The story's very story-ness is part of its delight. It revels in words and their mutability. If Wittgenstein was right ("The limits of my language mean the limits of my world"), then Bombay unlimits his world by unlimiting his language. He liberates himself through stories, and the stories become true, and he becomes a story. He was, at first, a victim of other people's absurd stories about him — he was a subject of their stories, subjected by their stories, until he made himself his own subject, and through this newfound subjectivity became his own king. He found an abandoned jail and turned it into a home and into a country.

In the end, he is the subject of an obituary, a final story, the last narrative most of us can look forward to.

The obituary has a title: "Bombay's Republic". It's the title of the story we are reading.
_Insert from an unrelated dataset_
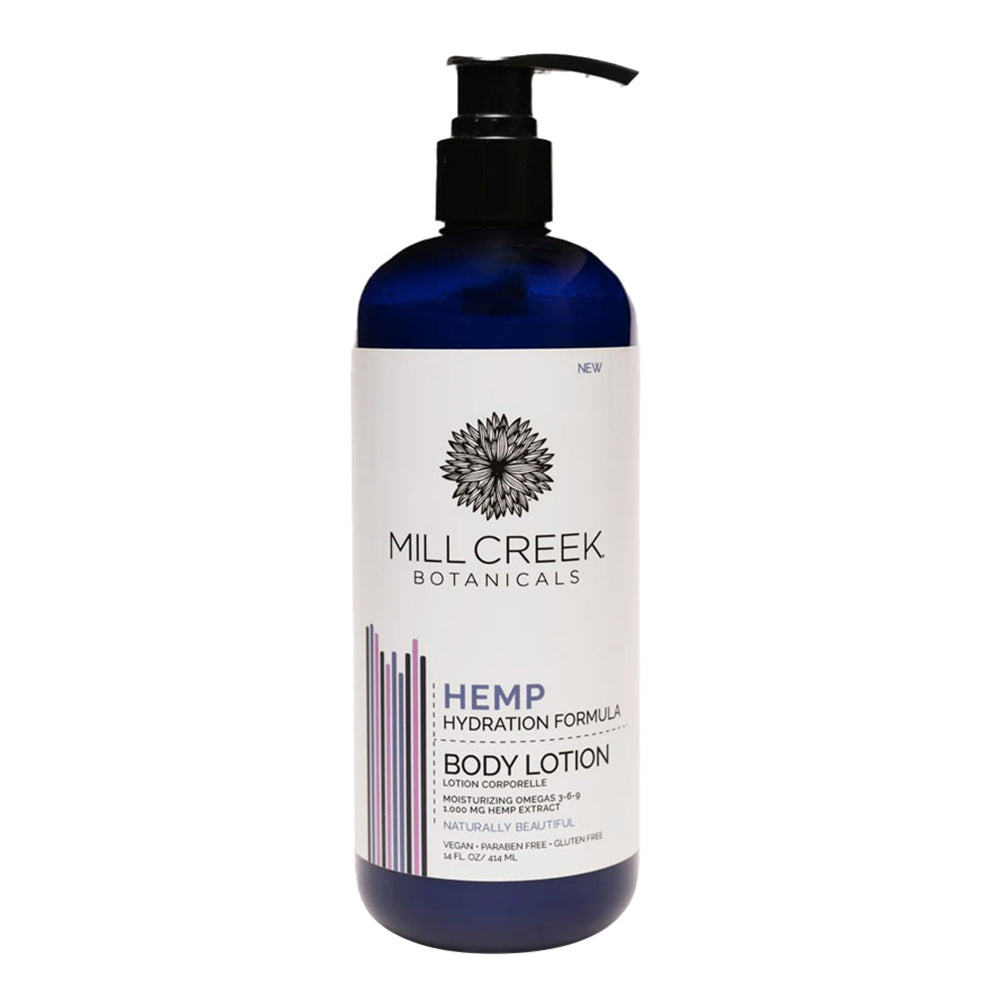 Mill creek Botanicals Hemp Hydration Formula Body Lotion 14Oz (414ml)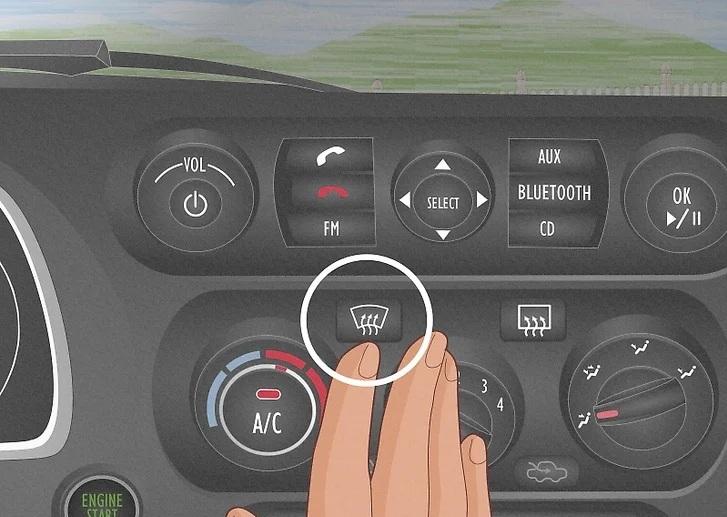 نحوه‌ی استفاده از یخ‌زدای خودرو 1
Update (5/11): An ever-growing list of other posts on the story is below, but I want to call special attention to a really interesting point made at City of Lions in response to my own post here. It's a somewhat different reading than mine, but a compelling one:
The opening sentence gives us virtuosity, and then the rest of the story takes it away. It promises a man who becomes a leopard, but gives us a storyteller who dutifully explains that the round scars on his body technically come from leech bites. And then he growls at children. It tells us of a world in which “without warning, everything became possible,” and then shows us that world – it’s a man alone, in a jailhouse, surrounded by his own fancy titles, and free only to the extent that the authorities can’t be bothered to pull the plug on his prank.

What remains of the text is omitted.